Throughout my readings, I came across this paragraph and would love for folks to weigh in on the part about MLCer having energy and goals. As you know, I’m still trying to figure out if H is going through MLC or something else. Since BD, depression has been very much present in H. It was severe depression between September and December 2023. It has ebbed and flowed since then. Then again, H doesn’t live at home so it’s hard to know if it has subsided.
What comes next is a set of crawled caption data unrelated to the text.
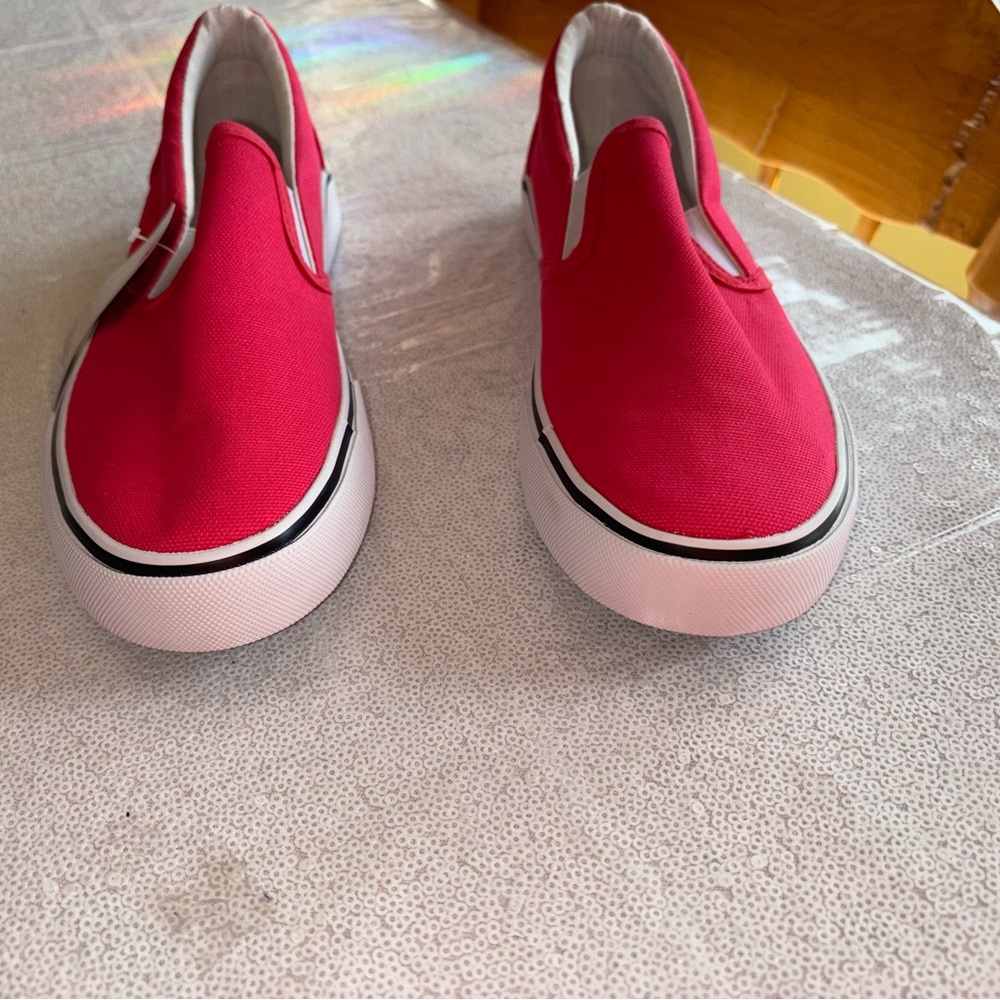NWT thefashionsupply slip on shoes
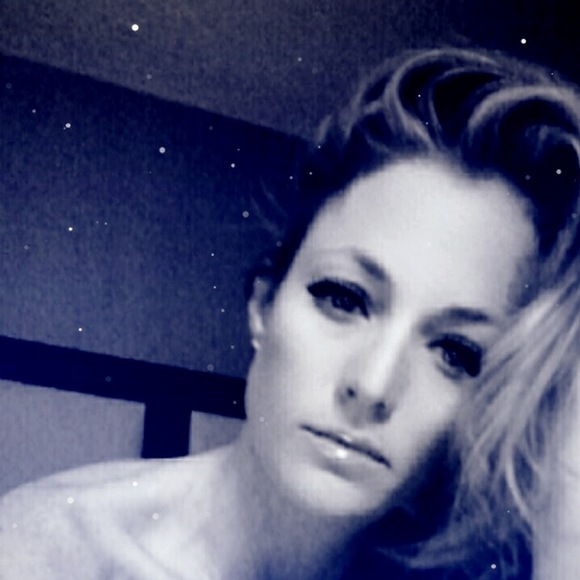 Profile Picture of Brianne Mckinstrie (@brithefox) on Poshmark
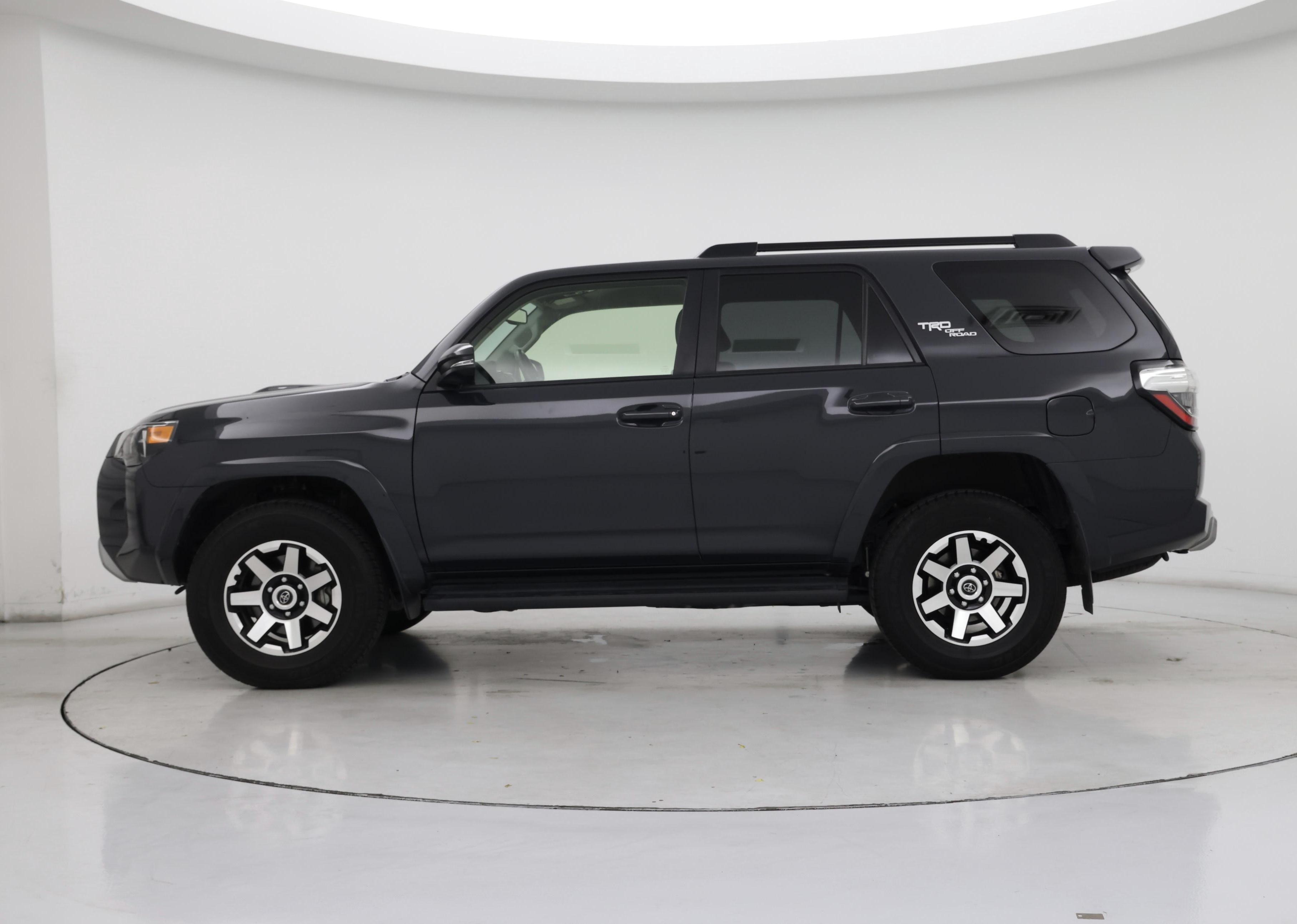 Thumbnail: 2024 Toyota 4Runner - 3
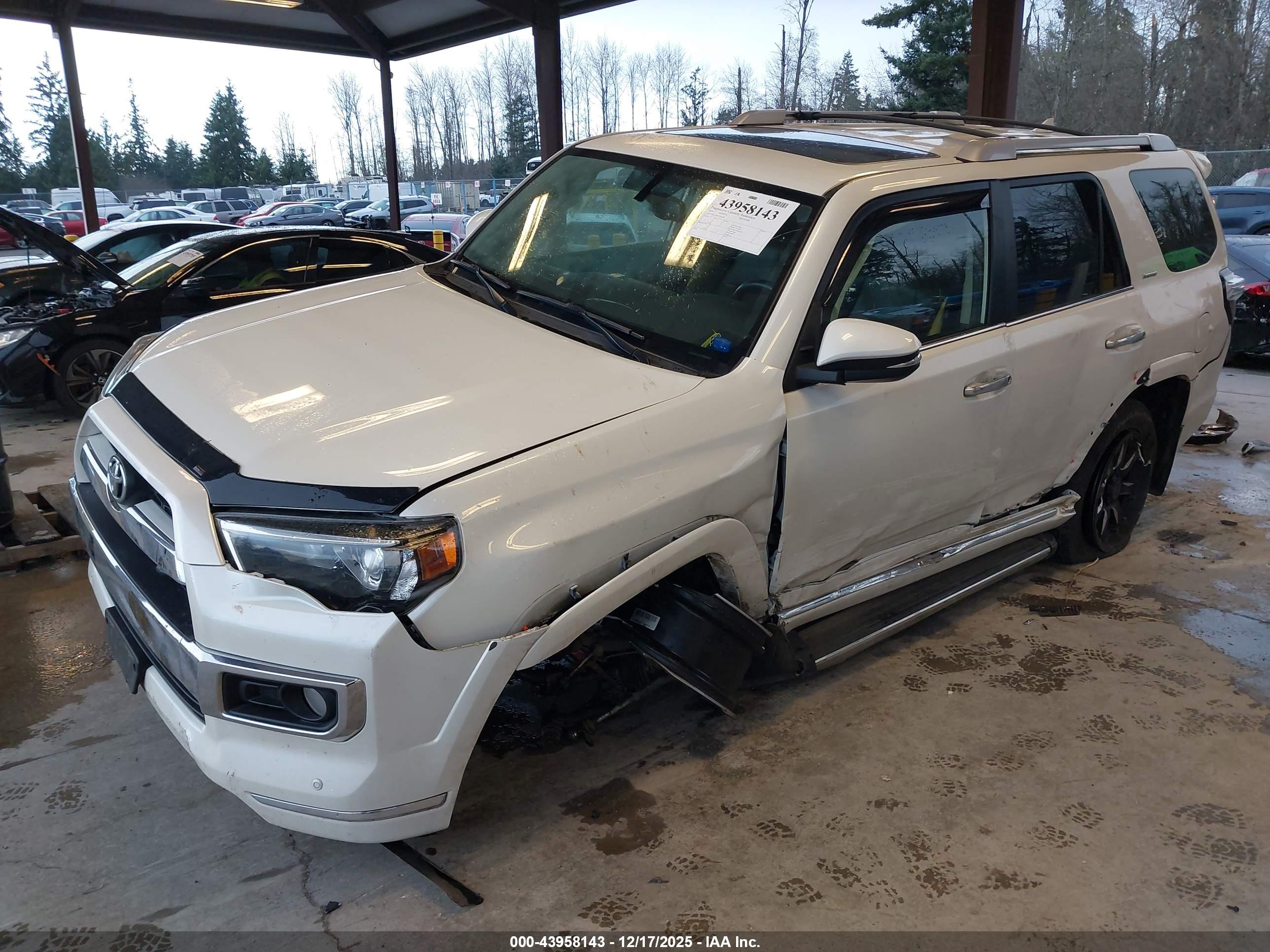 TOYOTA 4RUNNER image 2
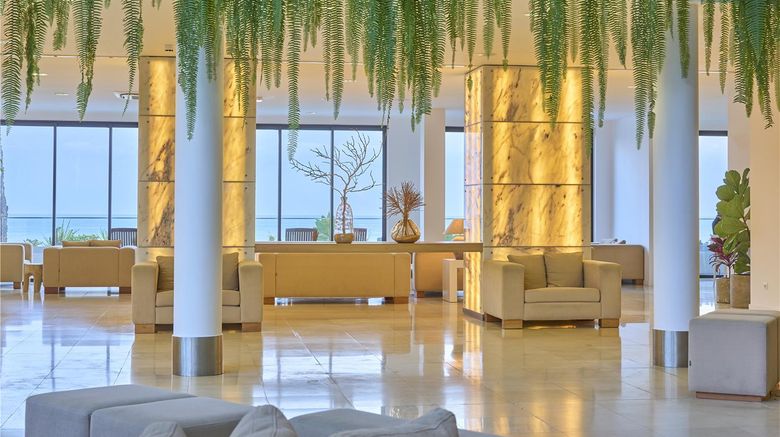 <b>Caloura Hotel Resort Lobby</b>. Images powered by <a href="https://iceportal.shijigroup.com/" title="IcePortal" target="_blank">IcePortal</a>.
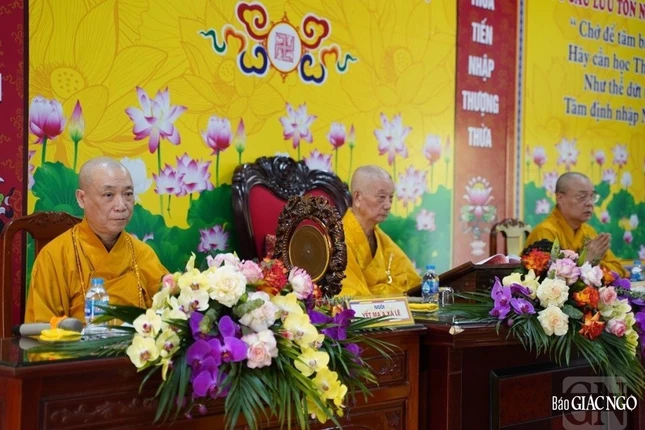 Tam sư truyền giới Tỳ-khiêu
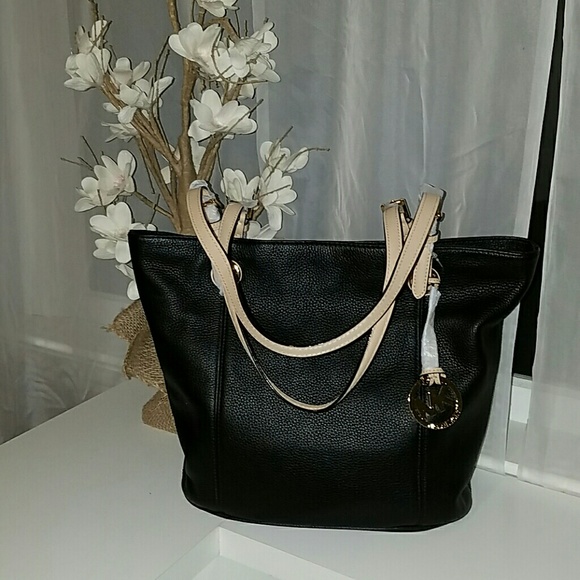 Michael Kors black leather large tote!!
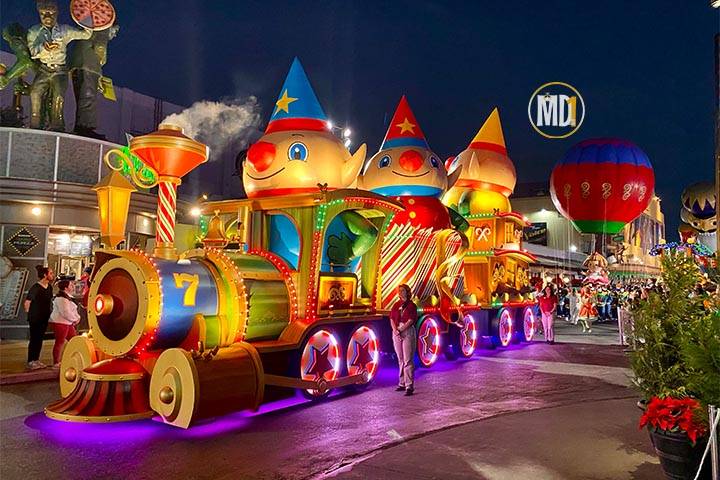 universals-holiday-parade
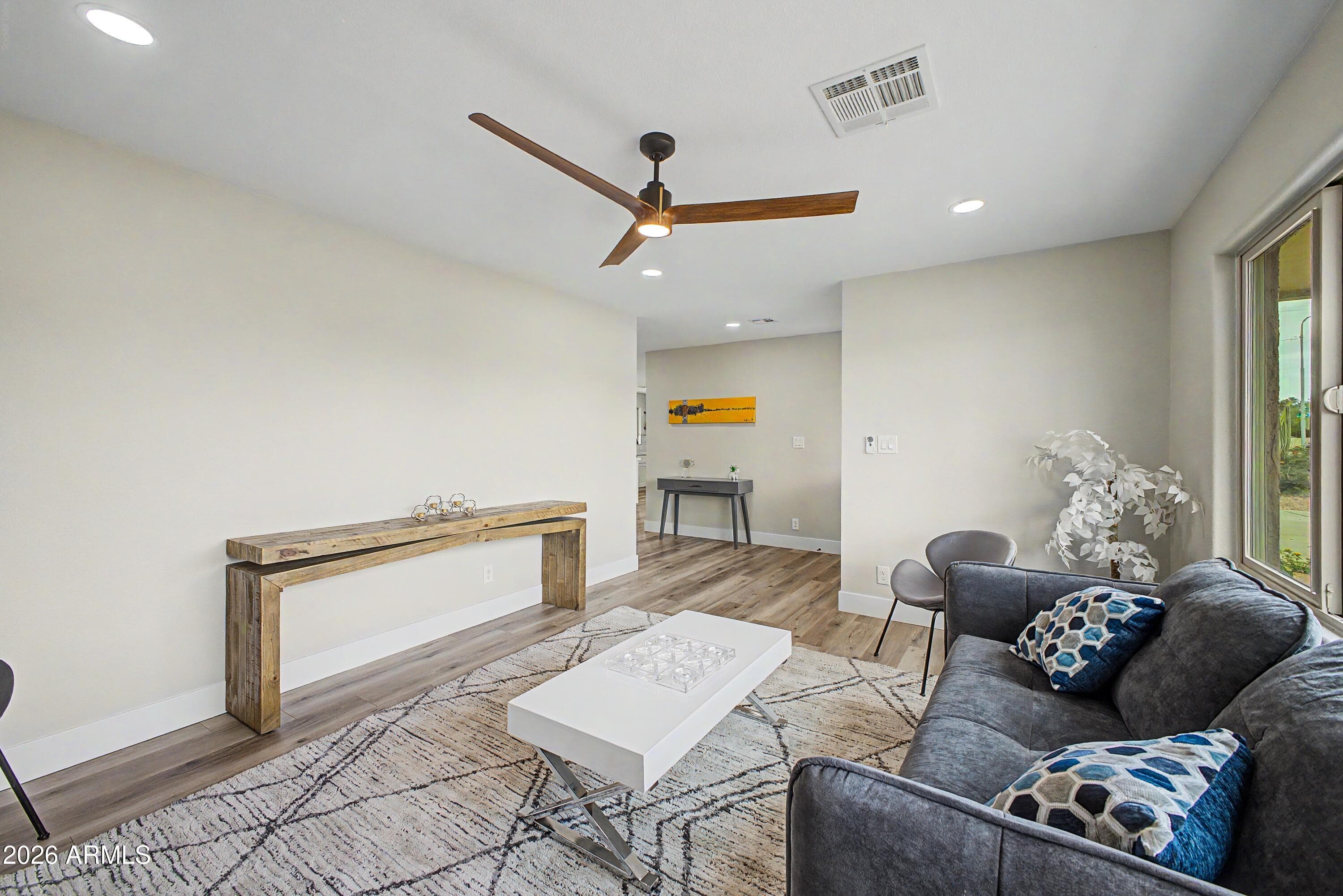 922 E Loyola Drive — photo 4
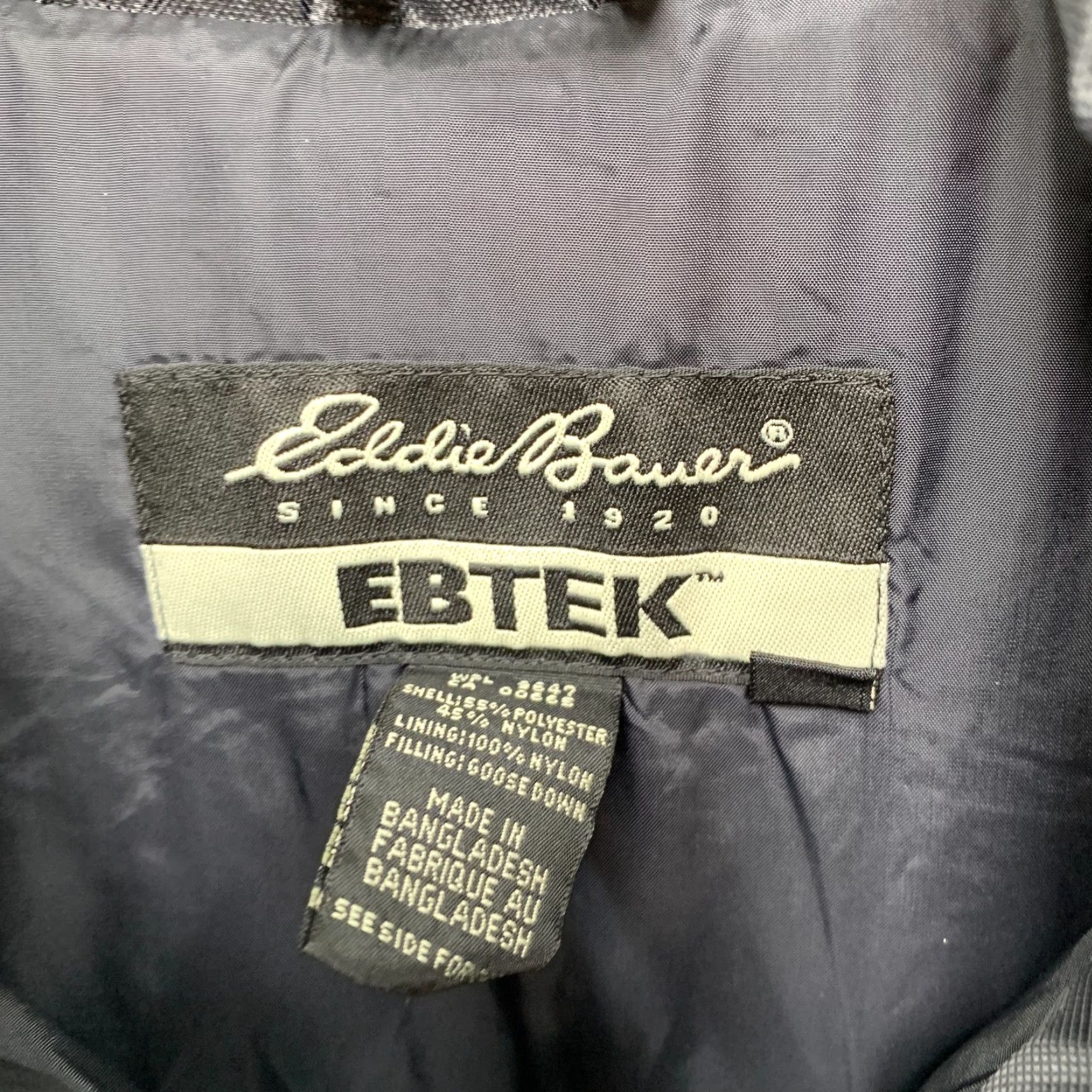 Eddie Bauer Eddie Bauer EBTEK Down Puffer Vest Mens Large Gray Reflective 25.5x29 EBTEK Down Puffer Vest Mens Large Gray Reflective 25.5x29 Size US L / EU 52-54 / 3 - 6 Thumbnail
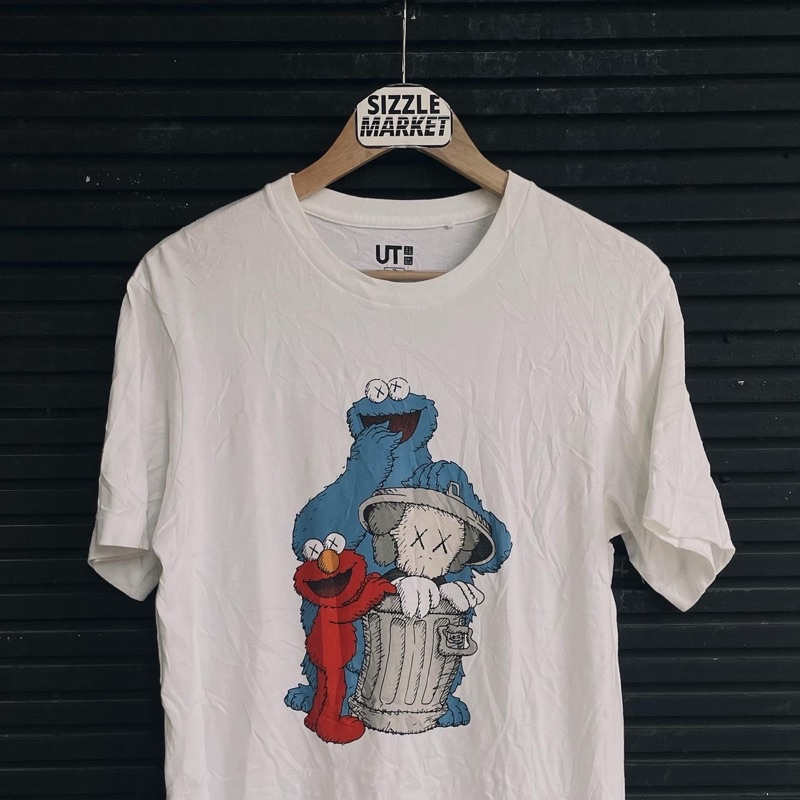 Uniqlo x KAWS x SESAME STREET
I remember in February mentioning that he is less depressed and he corrected me to say that he is still very depressed. H admits and has consistently admitted that he is very depressed and that depression is impacting him. I’ve read that most MLCers deny being depressed. What do you make of this with my situation?
“Lots of good info job. I can tell you that when i went through my stich i fell into a deep depression. Lost 50lbs, couldnt sleep, think or enjoy the many things that i love doing. The most painful and horrible feelings ever in my life. My energy levels were zero. I think that is the difference. An Mlcer has energy and goals. A trully depressed person does not. They maybe confused, afraid , and maybe sad. But i dont believe they are depressed. Some mlcer may be trully depressed but not all. The way i understand depression is that we are predisposed and it is self induced based on many variables. It is a disorder of thoughts and perceptions.
I think the mlcer behaves in ways that justify and reinforce their actions.”